By Our Reporters
Using his Sunday Monitor Learned View column this week, Prof GW Kanyeihamba has prophesied doom for new IGP Okoth Martins Ochora (aka OMO) urging the already excited members of the public to react cautiously. Under the article titled “Not Everything Gen Kale Kayihura did was wrong,” Kanyeihamba argues that the circumstances that turned OMO’s predecessor Kale Kayihura from the good well-intentioned IGP he set out to be in his first months in office in 2005 to arguably one of the most scorned IGPs in Uganda’s history are still in place and in any case much more prevalent today than then. Kanyeihamba recalls how the original IGP Kayihura was popular, open-minded, consultative and very transparent in his approaches. He wished the best for the Force regarding professionalism and Kanyeihamba discloses being among the finest professionals then new IGP Kayihura invited to the police training facility to give career guidance, inspirational talks and generally speak to the cadet recruits because he wanted them to be all round and disciplined citizens serving in police. He adds that with time reality began setting in and Kayihura gradually shifted “loyalty from serving the country, the people and law to a strange philosophy of serving a political party and its leadership; from God to Caesar.” He adds: “It was then that police began serving individual leaders instead of Ugandans.” Kanyeihamba, who several times publicly clashed with Kayihura over police brutality, adds that having deputized Gen Kale for all these years, OMO is part of the system and that those expecting him to be different are in for disappointment. He wonders why OMO was always silent if he indeed was opposed to the way his boss was leading the force.

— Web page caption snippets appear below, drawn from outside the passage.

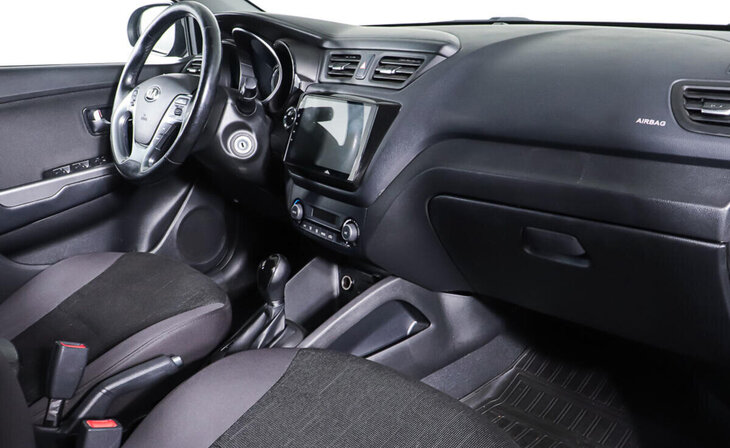 Kia Rio - Фото 8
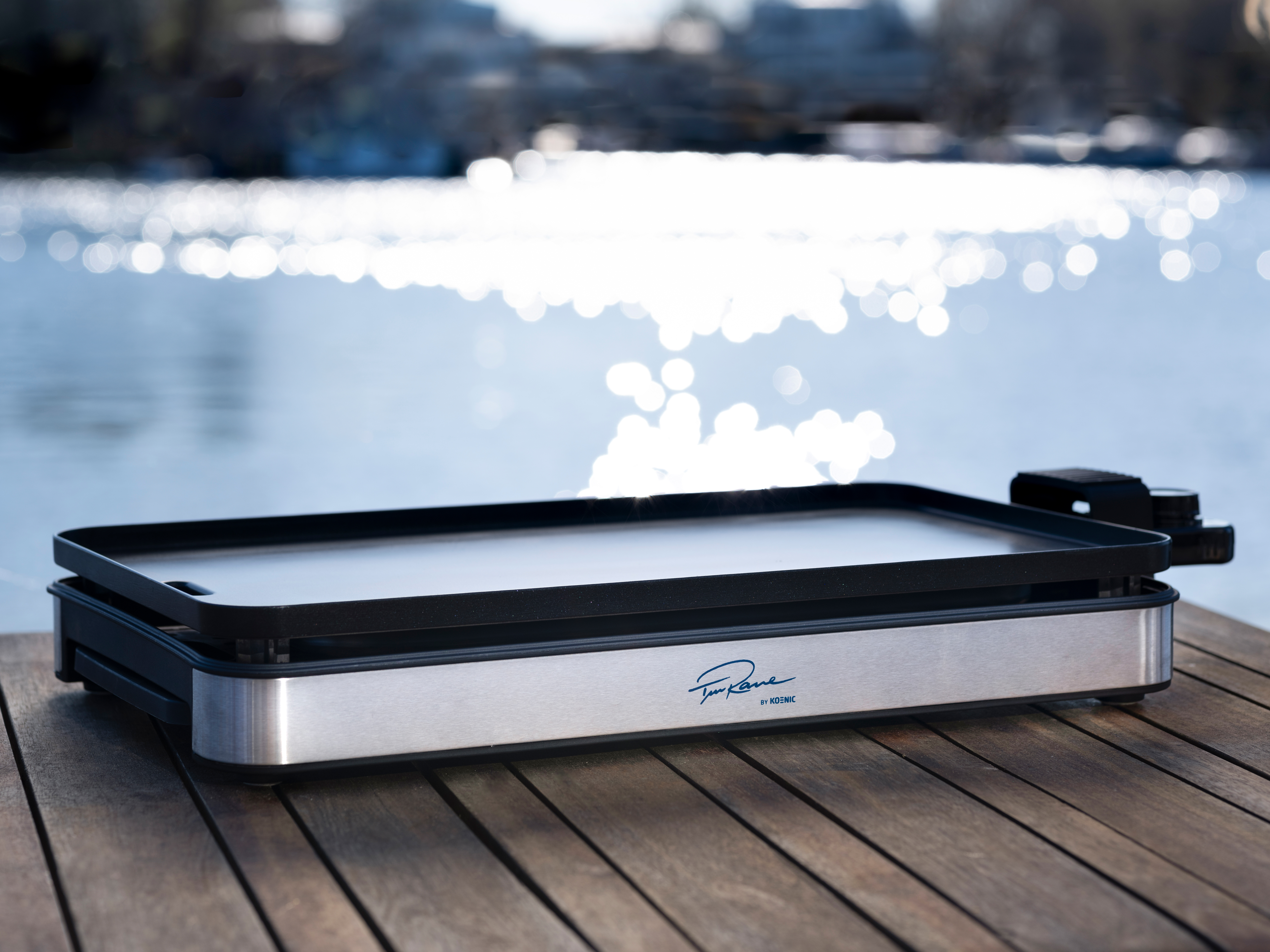 Ein Elektrogrill auf einer Holzoberfläche mit Wasserhintergrund.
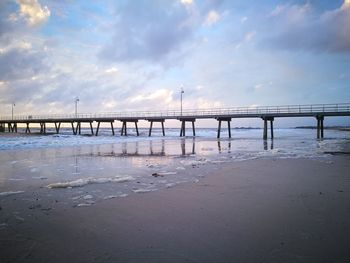 Pier over sea against sky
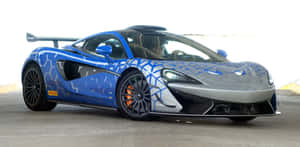一輛帶有幾何圖案貼紙的藍銀色McLaren跑車停在室內。 — 酷炫F1 壁紙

Kanyeihamba says whereas the public is very much excited with the OMO era changes, the new IGP has already made a very big blunder which is to so quickly reverse the transfers of officers Kayihura had undertaken in his last days on the job. Referring to the possibility of these very transferred officers cajoling their new boss to reverse his predecessor’s transfers, Kanyeihamba says such reversal is supposed to sadden sections of the public that had celebrated those very transfers when Kayihura first announced them. Kanyeihamba discloses writing a letter congratulating OMO but maintains that, his professionalism notwithstanding, not much should be expected from Ochora. The elderly Professor submits that the reversal of those transfers should have been preceded by wide consultations including with Ochora’s predecessor-short of that mistakes are bound to be make that Ochora might regret in future. He also argues that with an overbearing all powerful deputy in the person of Brig Mzee Sabiiti, Ochora is destined to gradually descend into “a mere shadow behind the throne.” Do you agree with the law professor’s harsh observations on the new IGP?